UNITED STATES DISTRICT COURT EASTERN DISTRICT OF NEW YORK
Jan 9, 2014
13-CR-205 (ARR) (E.D.N.Y. Jan. 9, 2014)

Opinion

13-CR-205 (ARR)

01-09-2014

UNITED STATES OF AMERICA, Plaintiff, v. COURTNEY MELVILLE, Defendant.


NOT FOR ELECTRONIC

OR PRINT PUBLICATION


OPINION & ORDER

ROSS, United States District Judge:

On October 25, 2013, I held a plea hearing in the case of defendant Courtney Melville and accepted Mr. Melville's guilty plea as to one count of Hobbs Act robbery in violation of Title 18, United States Code, Section 1951(a) and one count of unlawful use of a firearm in connection with the robbery in violation of Title 18, United States Code, Section 924(c)(1)(A)(ii). The firearms count to which Mr. Melville pleaded guilty carries with it a mandatory minimum term of imprisonment of seven years where the firearm was "brandished" within the meaning of the statute. Now before me is Mr. Melville's letter, dated November 12, 2013, in which he asks that he be permitted to withdraw his guilty plea, or alternatively that the Court dismiss the firearm count to which he pleaded guilty, unless the Court provides what he refers to as a "Proof of Claim" showing that there was not a misapplication of the statute for the firearms count. No. 13-CR-205 (ARR), Dkt. #49.

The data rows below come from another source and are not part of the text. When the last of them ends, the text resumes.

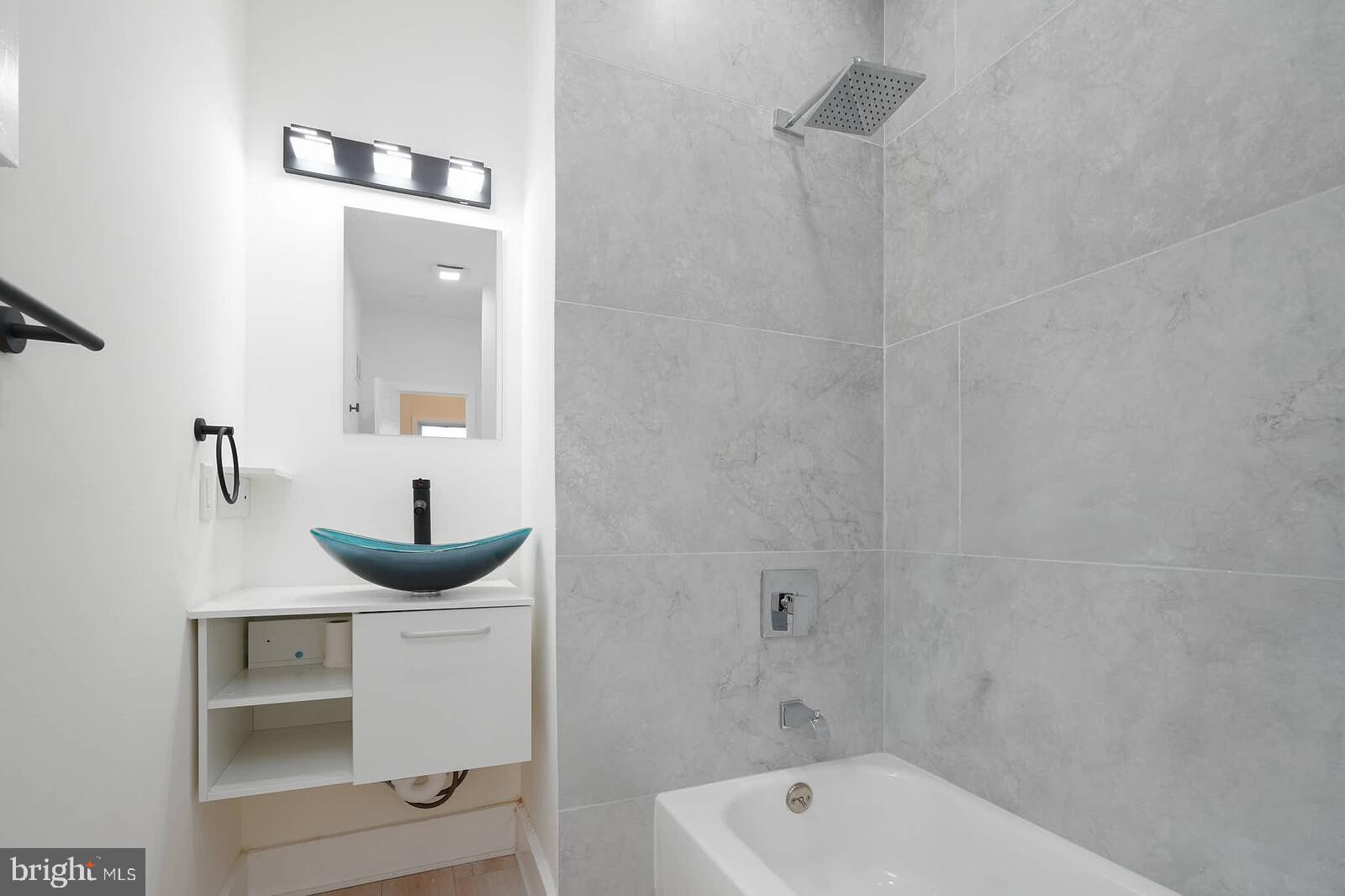 ROSEMONT - Residential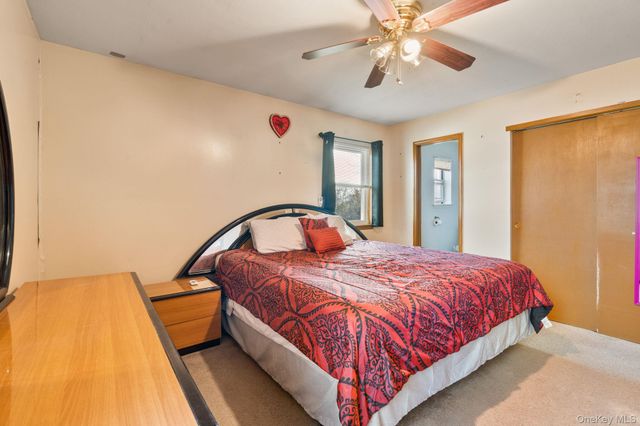 43 Nimitz Avenue, Brentwood, NY 11717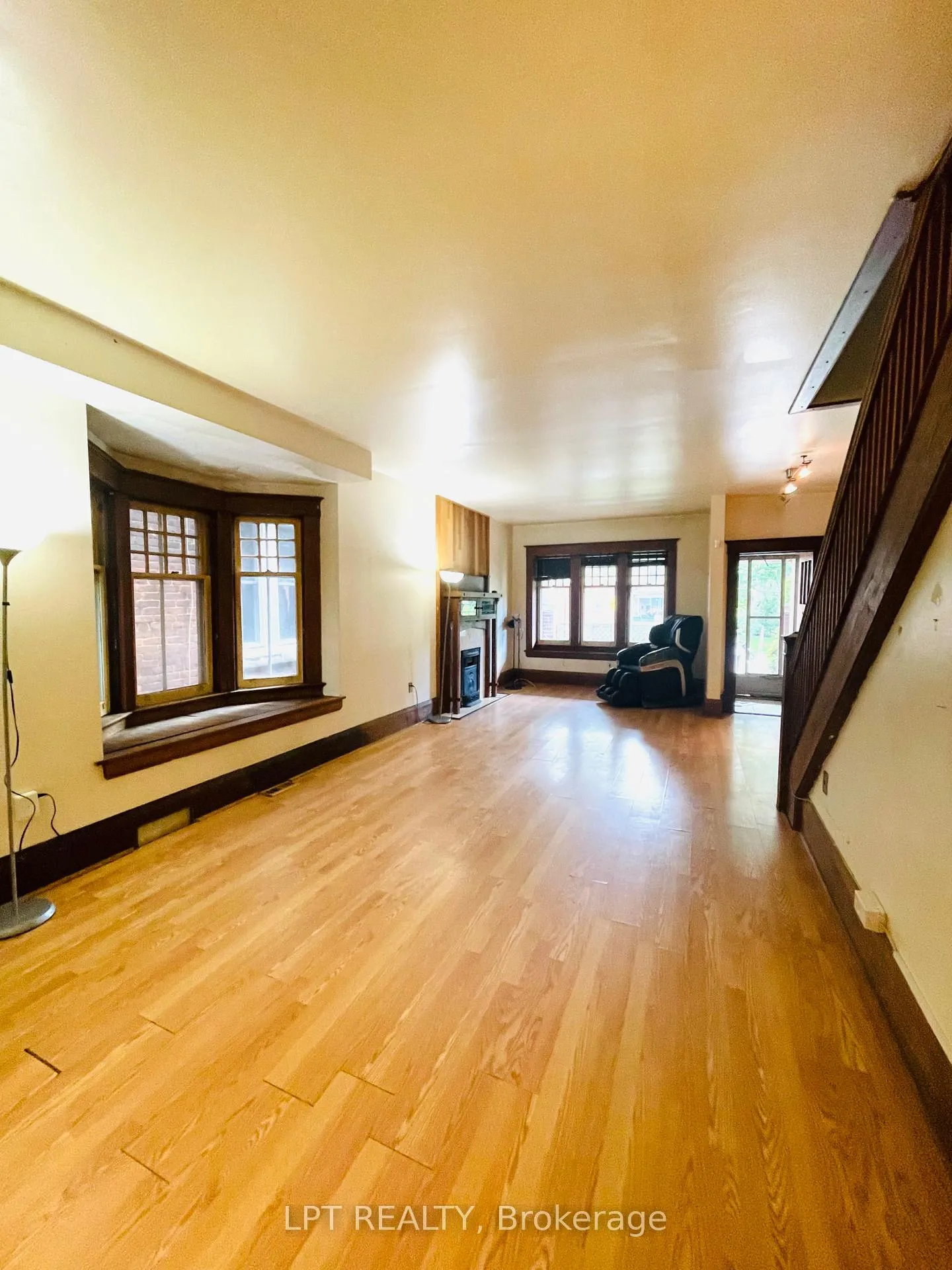 Photo 4 of 326 Beech Avenue, Toronto, The Beaches — HOMEH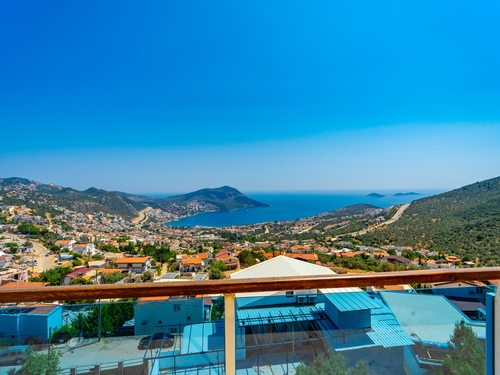  gece  -  Kasım
  | Kalkan Akbel'de Eşsiz Deniz Manzaralı Geniş Aile Villası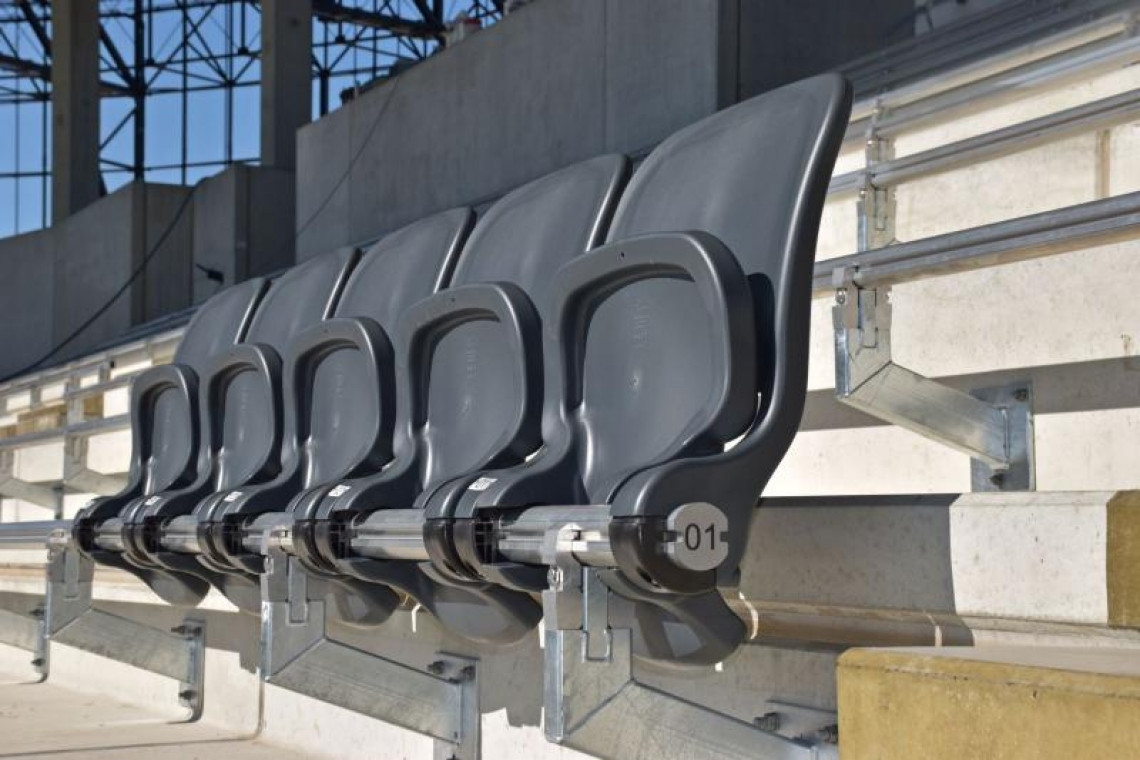 Fot. Szczecińskie Inwestycje Miejskie Sp. z o.o. Stadion Miejski w Szczecinie już ma pierwsze krzesełka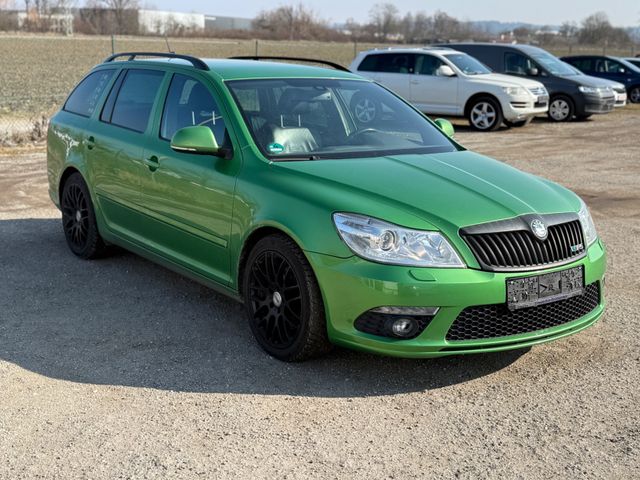 Skoda Octavia Combi RS * DSG * Navi * Xenon* 2. Hand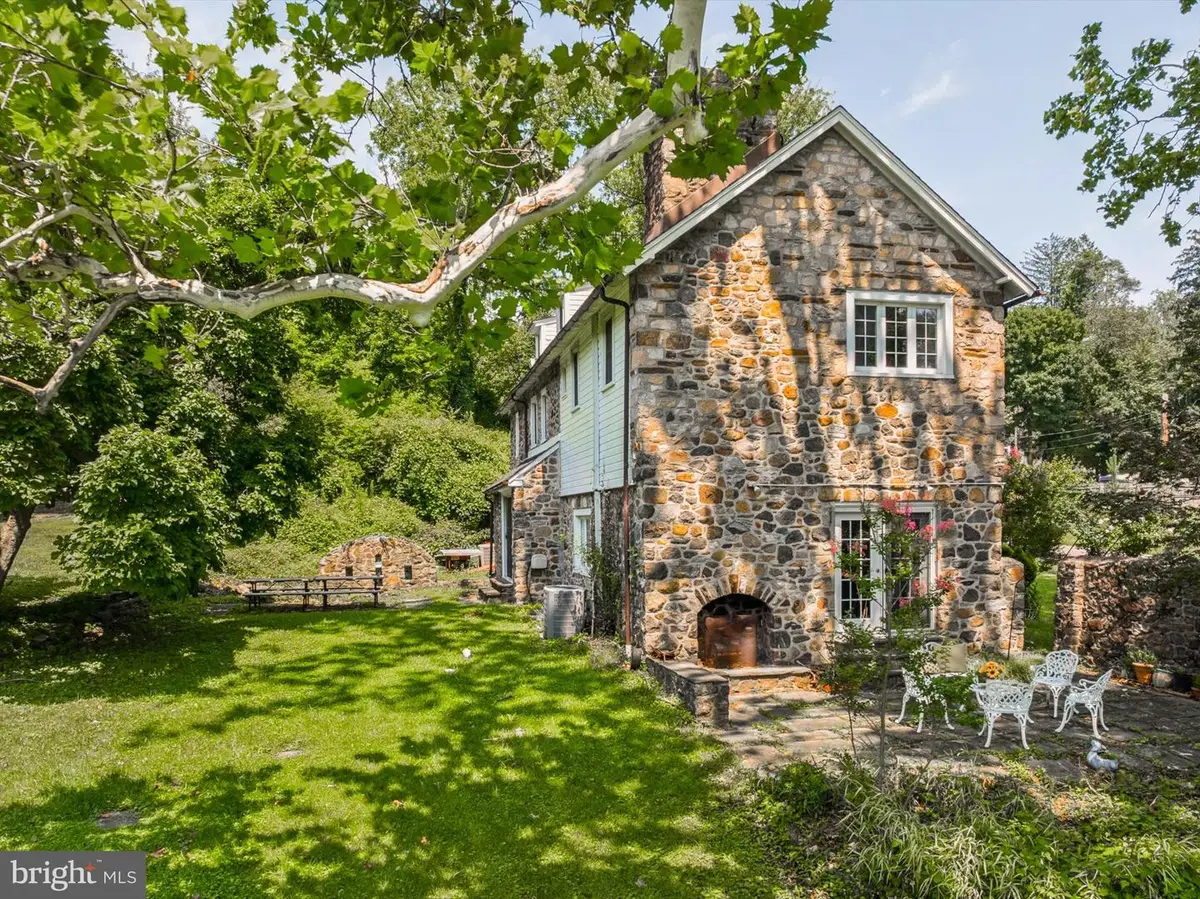 230 Sproul Rd, Villanova, PA 19085 - #1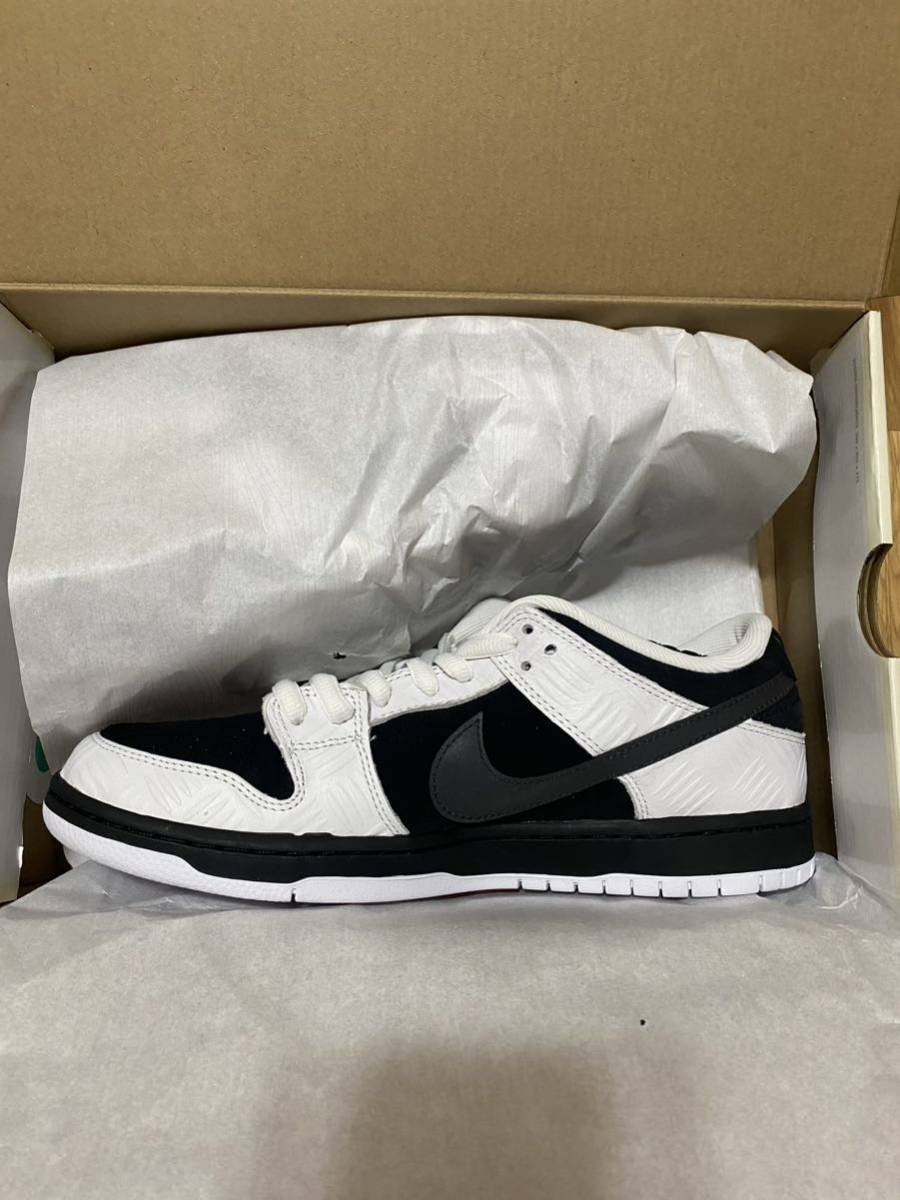 TIGHTBOOTH × Nike SB Dunk Low Pro QS Black and Whiteタイトブース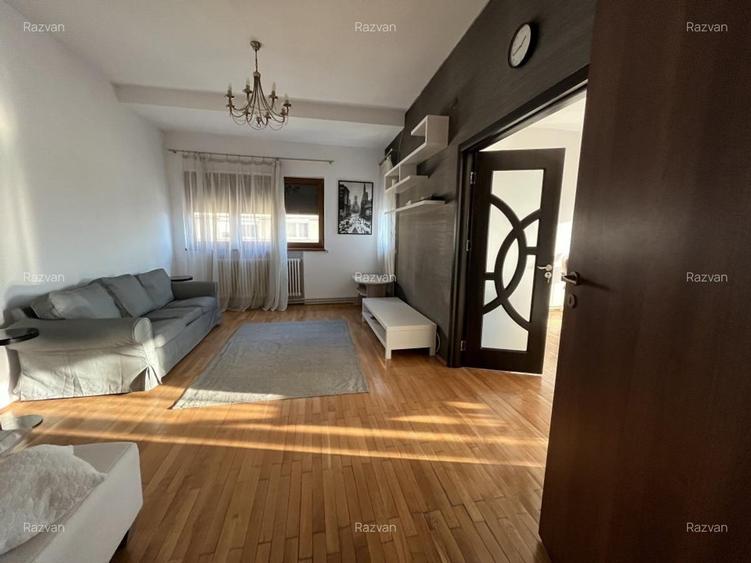 Apartament 4 Camere | Universitate | Balcon | 2 Bai | Centrala Proprie | Metrou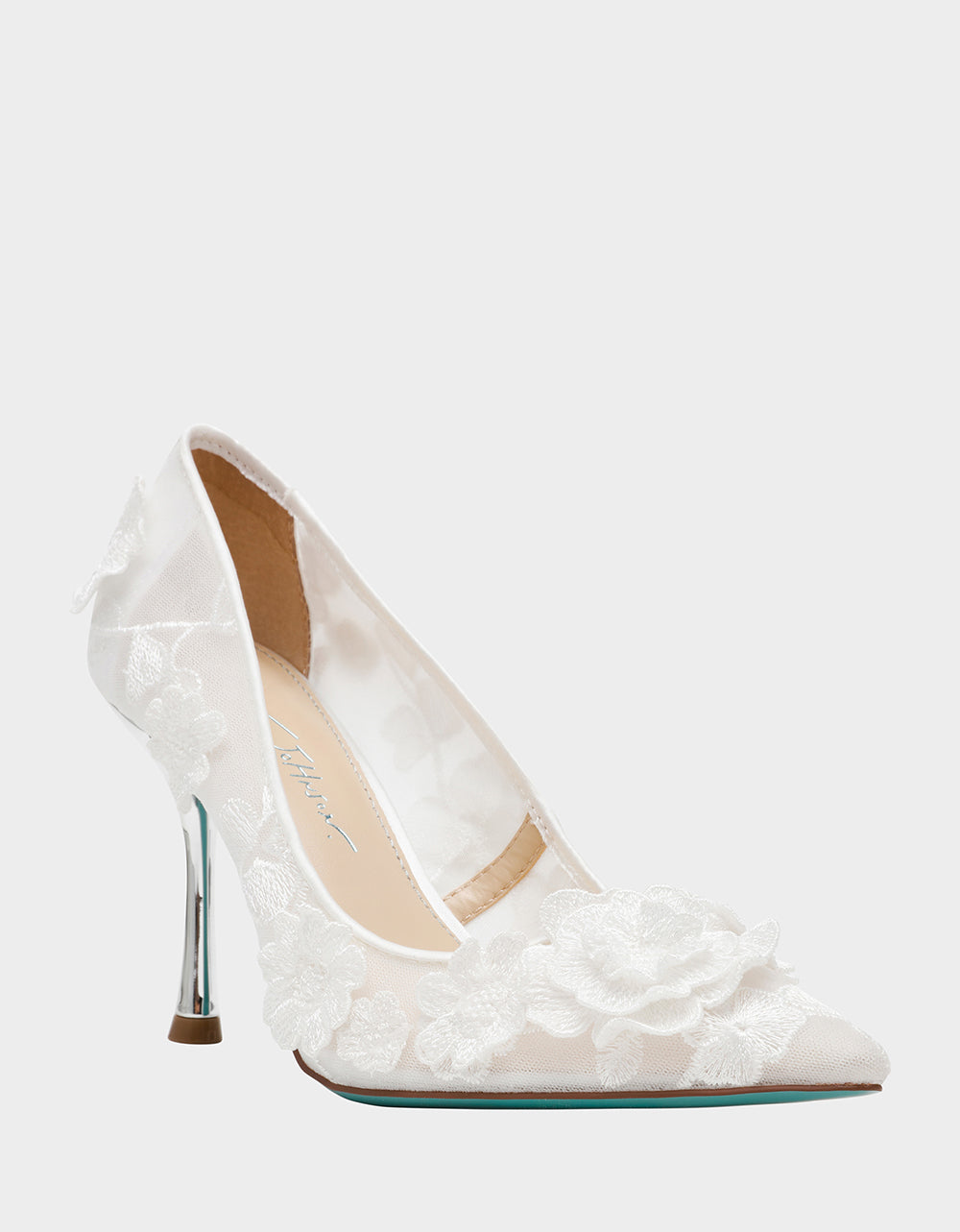 AIMEY Ivory Pointed-Toe Stiletto Pump Heel | Betsey Johnson Classic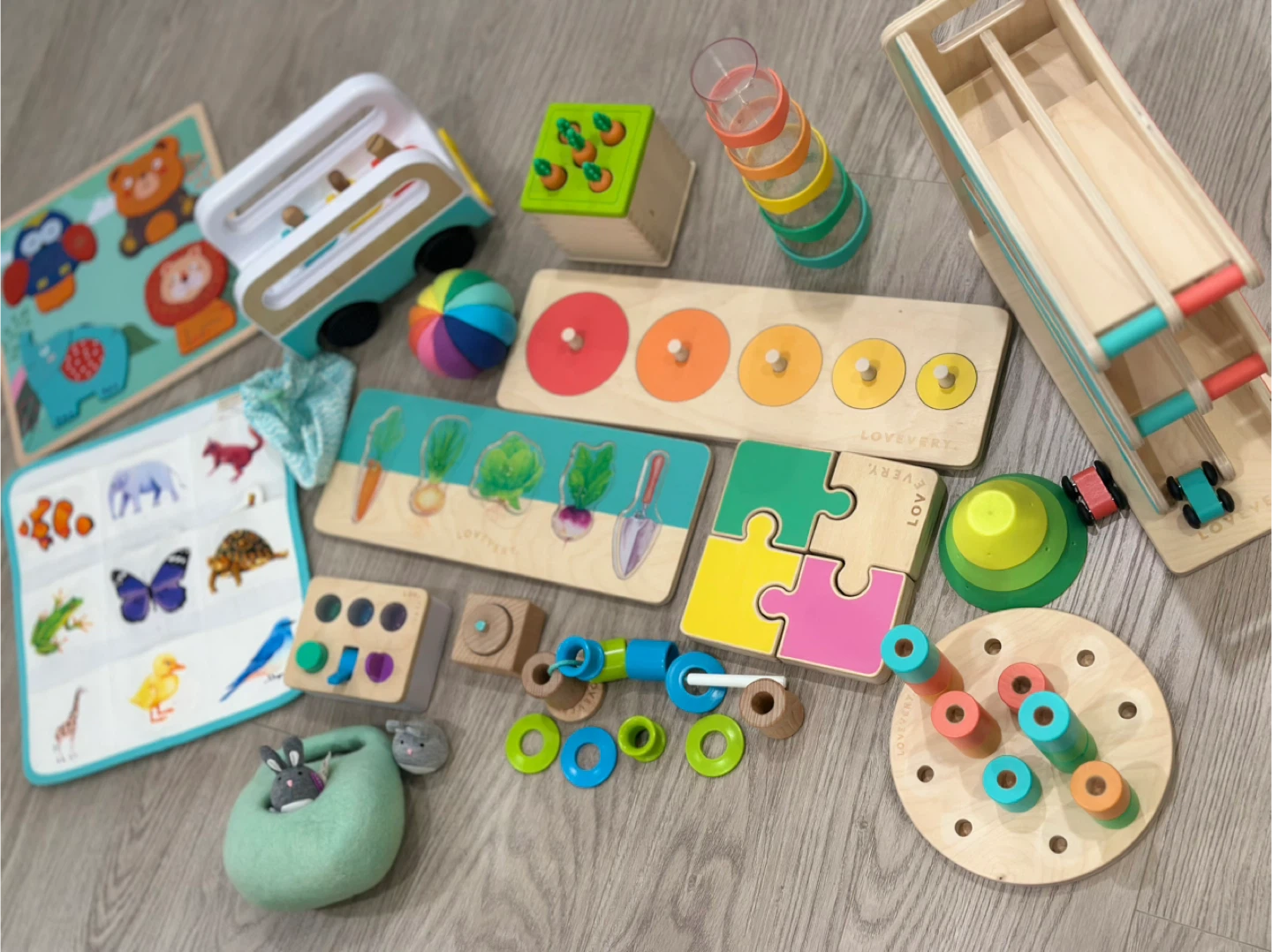 Huge Lovevery Montessori Toy Bundle - Excellent Condition - photo 2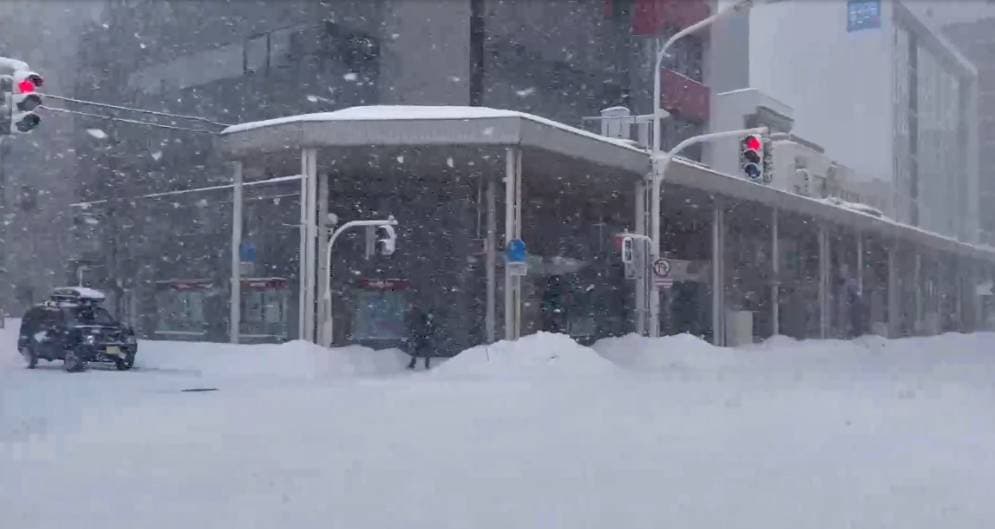 ญี่ปุ่นรับมือหิมะถล่มหนัก ลากยาวถึงวันเลือกตั้ง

On December 18, 2013, I held a hearing as to Mr. Melville's letter and the government's response. Dkt. #51. At the hearing, Mr. Melville asked for additional time to submit a reply to the government's papers, and I granted that request. A further hearing was set for Mr. Melville's motion to be decided on January 9, 2014, and Mr. Melville was given until one week prior to the January 9 hearing to submit his reply papers further explaining his position. Mr. Melville failed to submit any papers and refused to appear for the scheduled hearing on January 9. Accordingly, having reviewed Mr. Melville's original letter motion as well as the government's response letter, I now deny Mr. Melville's motion for the reasons set forth below.

DISCUSSION

A. Legal Standard

Under Federal Rule of Criminal Procedure 11(d)(2)(B), a defendant may withdraw his guilty plea after the court has accepted the plea, but before it imposes sentence, if he "can show a fair and just reason for requesting the withdrawal." Under Rule 11, there is "no absolute right" of a defendant to withdraw his plea, and whether to grant a defendant's motion to withdraw his plea is "committed to the district court's discretion." United States v. Rosen, 409 F.3d 535, 545-46 (2d Cir. 2005). Interpreting the "fair and just reason" standard in United States v. Gonzalez, the Second Circuit stated: "Although this standard implies that motions to withdraw prior to sentence should be liberally granted, a defendant who seeks to withdraw his plea bears the burden of satisfying the trial judge that there are valid grounds for withdrawal, taking into account any prejudice to the government." 970 F.2d 1095, 1100 (2d Cir. 1992) (internal citations and quotation marks omitted). The Second Circuit has outlined criteria that a district court should consider in determining whether to grant a motion to withdraw as follows:

In general, to determine whether the defendant has shown a "fair and just reason" to justify withdrawal, a district court considers, inter alia: (1) whether the defendant has asserted his or her legal innocence in the motion to withdraw the guilty plea; (2) the amount of time that has elapsed between the plea and the motion (the longer the elapsed time, the less likely withdrawal would be fair and
just); and (3) whether the government would be prejudiced by a withdrawal of the plea. Courts may also look to whether the defendant has "raise[d] a significant question about the voluntariness of the original plea." The standard for withdrawing a guilty plea is stringent.
Rosen, 409 F.3d at 546 (quoting United States v. Schmidt, 373 F.3d 100, 102-03 (2d Cir. 2004)) (internal citations omitted). B. Application to Mr. Melville 's Motion

In his motion to withdraw his plea, Mr. Melville asserts his legal innocence of the firearms charge and challenges the imposition of a seven-year mandatory minimum in connection with that charge. Title 18, United States Code, Section 924(c)(1)(A)(ii) imposes a mandatory minimum term of imprisonment of seven years if the firearm for which the defendant is convicted is "brandished." Under Title 18, United States Code, Section 924(c)(4), to "brandish" a firearm is "to display all or part of the firearm, or otherwise make the presence of the firearm known to another person, in order to intimidate that person, regardless of whether the firearm is directly visible to that person." Mr. Melville appears to argue that the Supreme Court's recent decision in Alleyne v. United States, 133 S. Ct. 2151 (2013), requires that brandishing must be found by a jury and that, therefore, the seven-year mandatory minimum cannot be imposed in his case where brandishing has not been found by a jury.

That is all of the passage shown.